#### [Input data]
[Start of section]

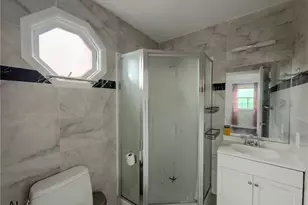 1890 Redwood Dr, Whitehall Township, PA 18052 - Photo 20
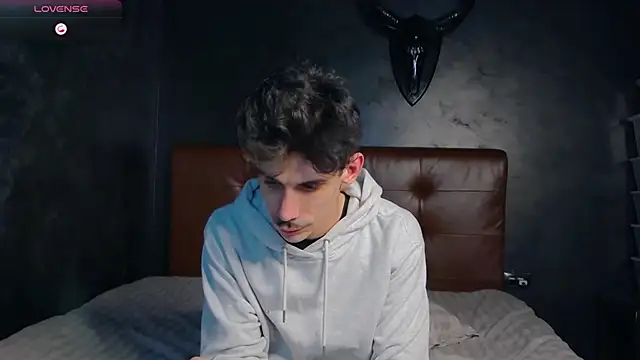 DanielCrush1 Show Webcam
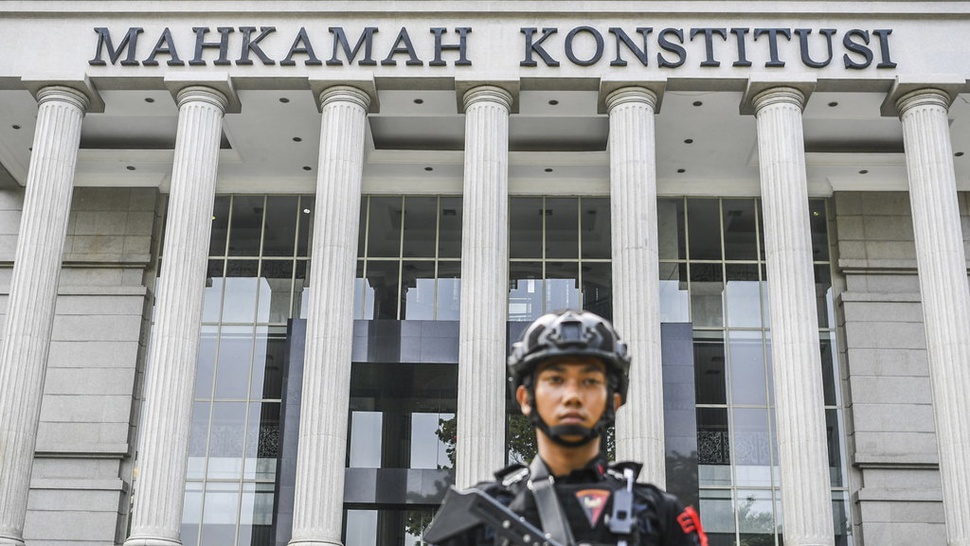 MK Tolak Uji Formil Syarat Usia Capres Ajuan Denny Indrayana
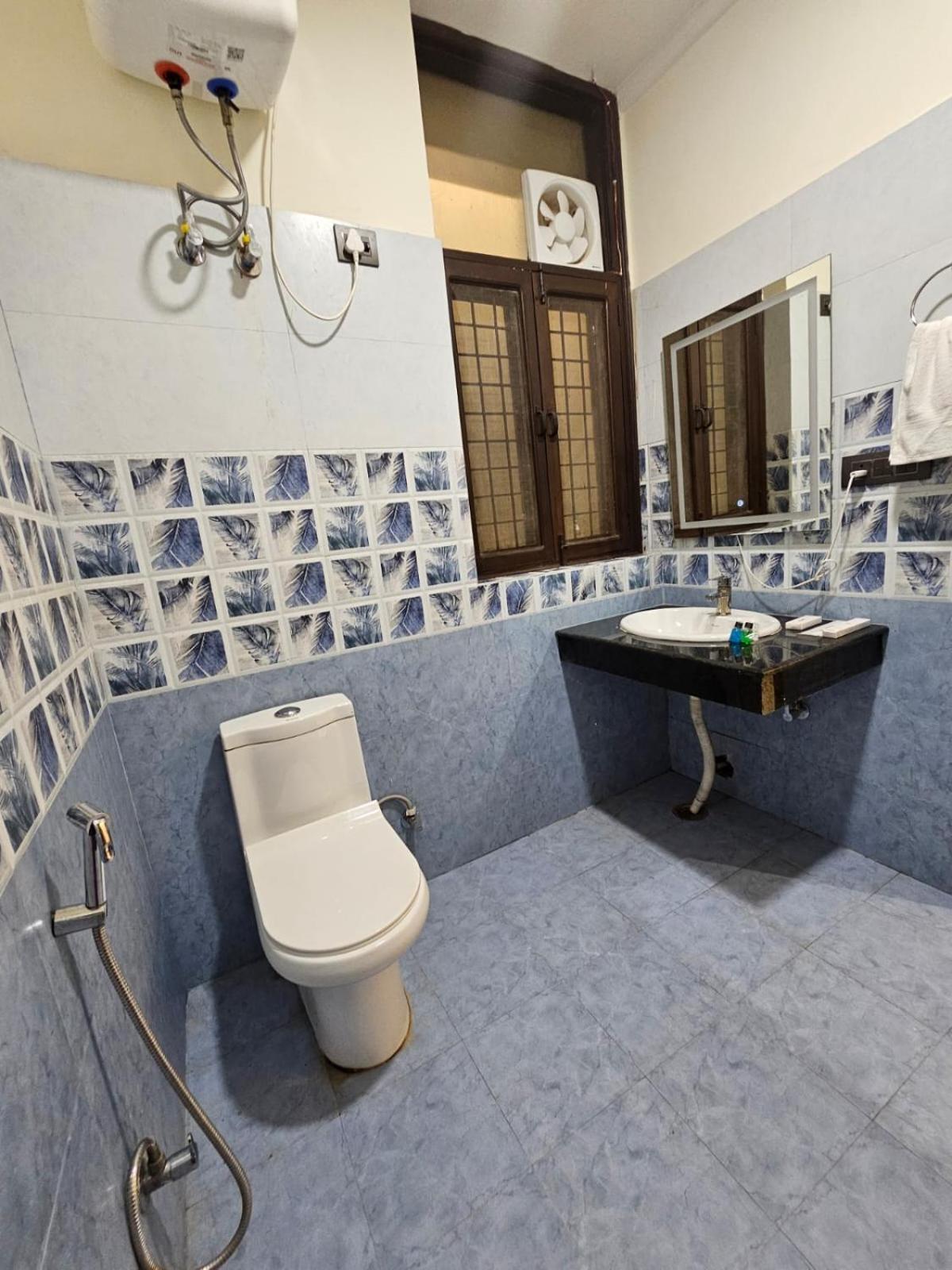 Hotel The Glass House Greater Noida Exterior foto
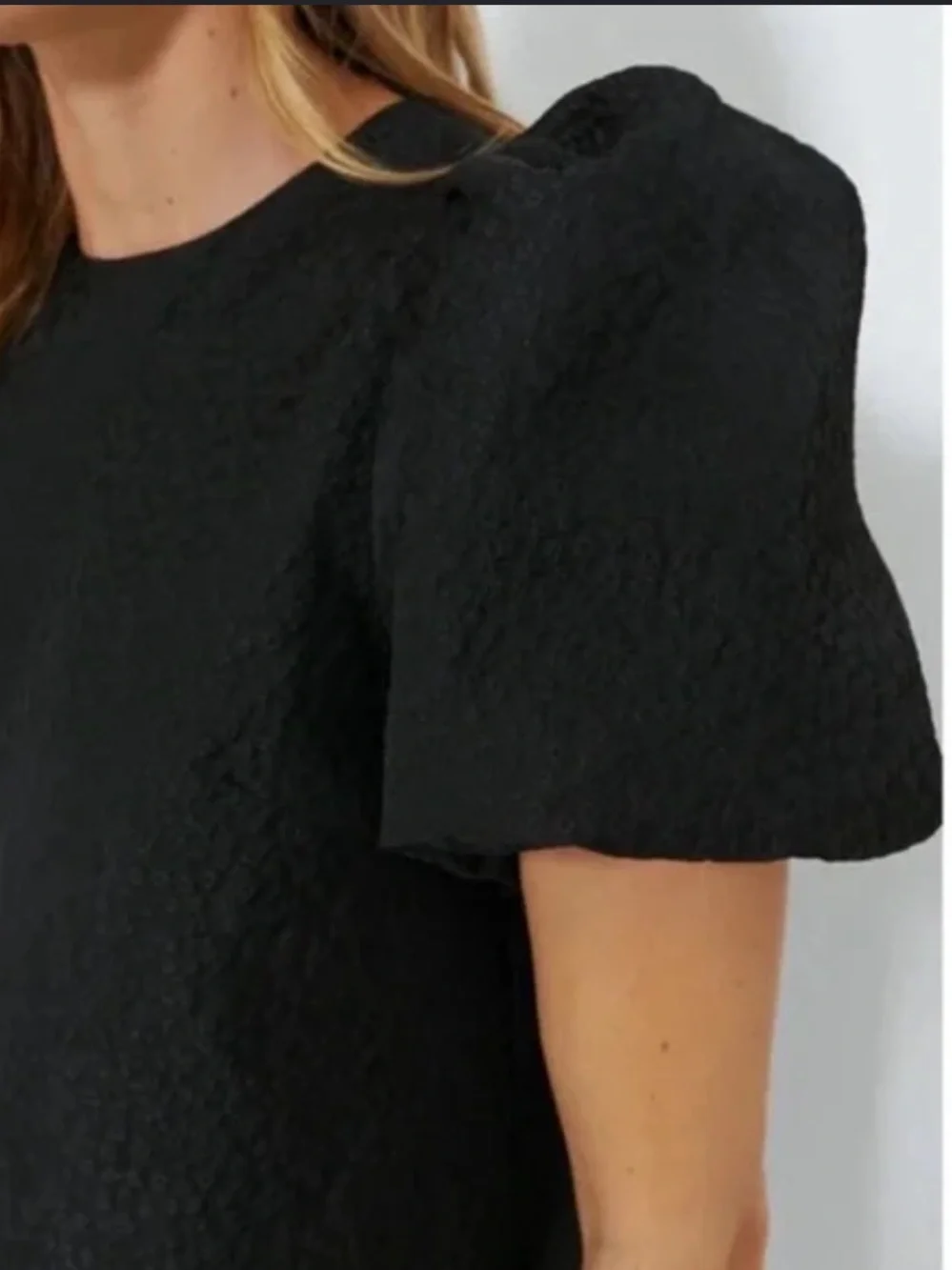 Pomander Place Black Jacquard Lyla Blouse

[End of section]
[Start of section]

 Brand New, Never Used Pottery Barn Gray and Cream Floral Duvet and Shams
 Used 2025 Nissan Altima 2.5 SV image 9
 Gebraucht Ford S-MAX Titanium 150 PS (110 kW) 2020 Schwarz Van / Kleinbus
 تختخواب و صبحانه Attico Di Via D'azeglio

[End of section]
[Start of section]

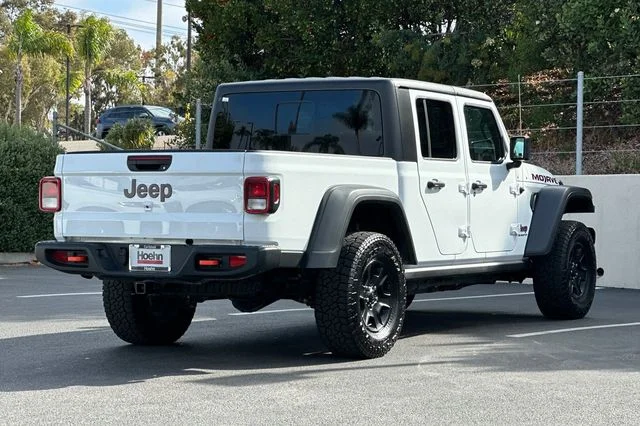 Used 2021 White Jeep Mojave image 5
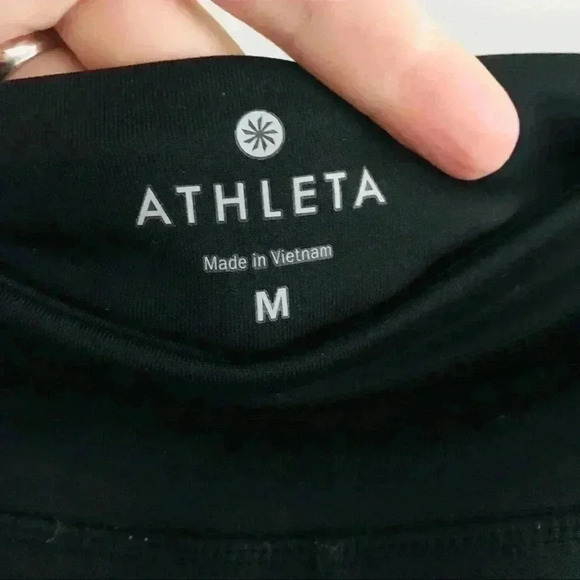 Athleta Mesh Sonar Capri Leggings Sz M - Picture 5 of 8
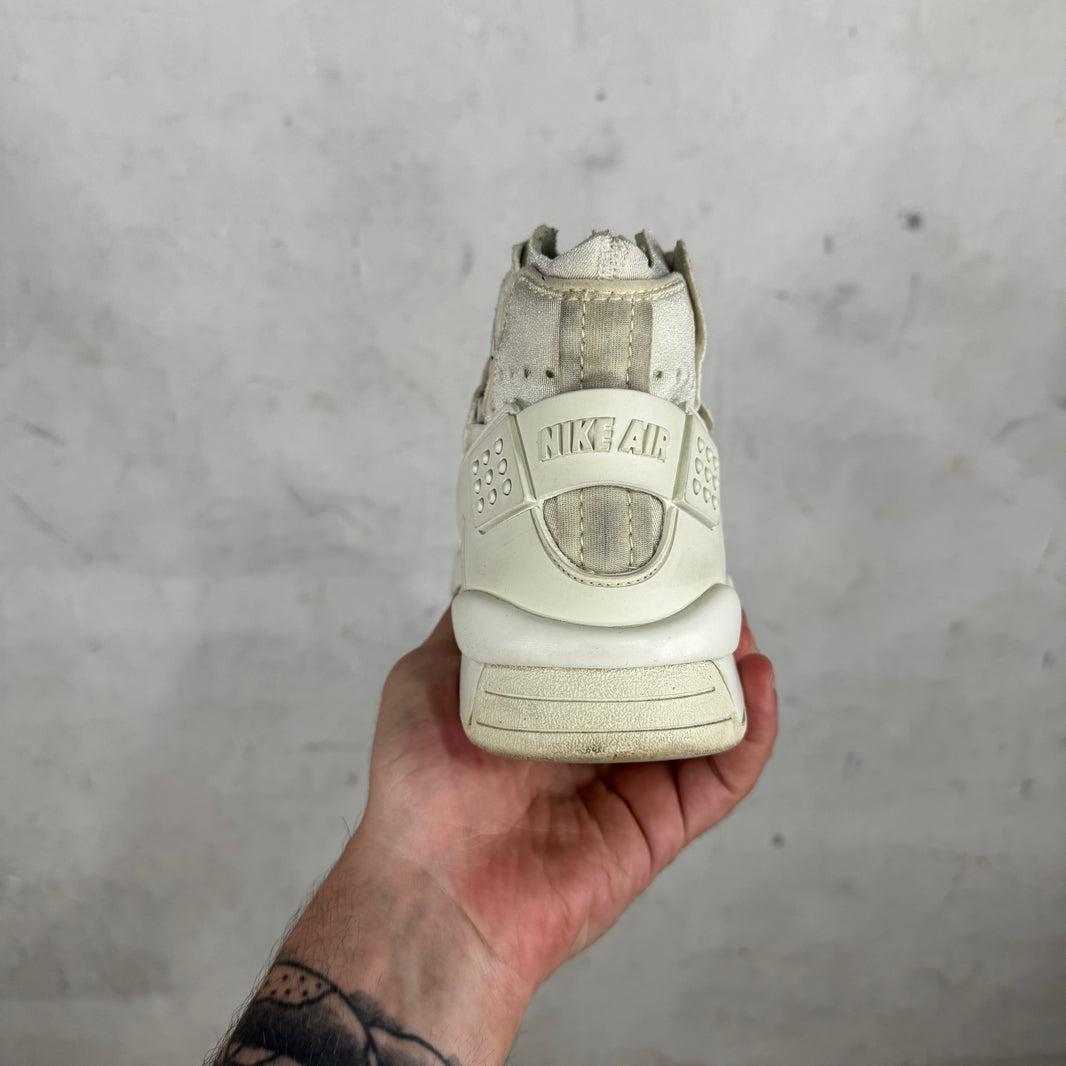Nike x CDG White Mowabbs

[End of section]

#### [What to produce]
Copy out precisely the lines from the line with "Used 2025 Nissan Altima 2.5 SV image 9" to the line with "تختخواب و صبحانه Attico Di Via D'azeglio" in the material above, including those two lines and omitting all the rest.

#### [Result]
 Used 2025 Nissan Altima 2.5 SV image 9
 Gebraucht Ford S-MAX Titanium 150 PS (110 kW) 2020 Schwarz Van / Kleinbus
 تختخواب و صبحانه Attico Di Via D'azeglio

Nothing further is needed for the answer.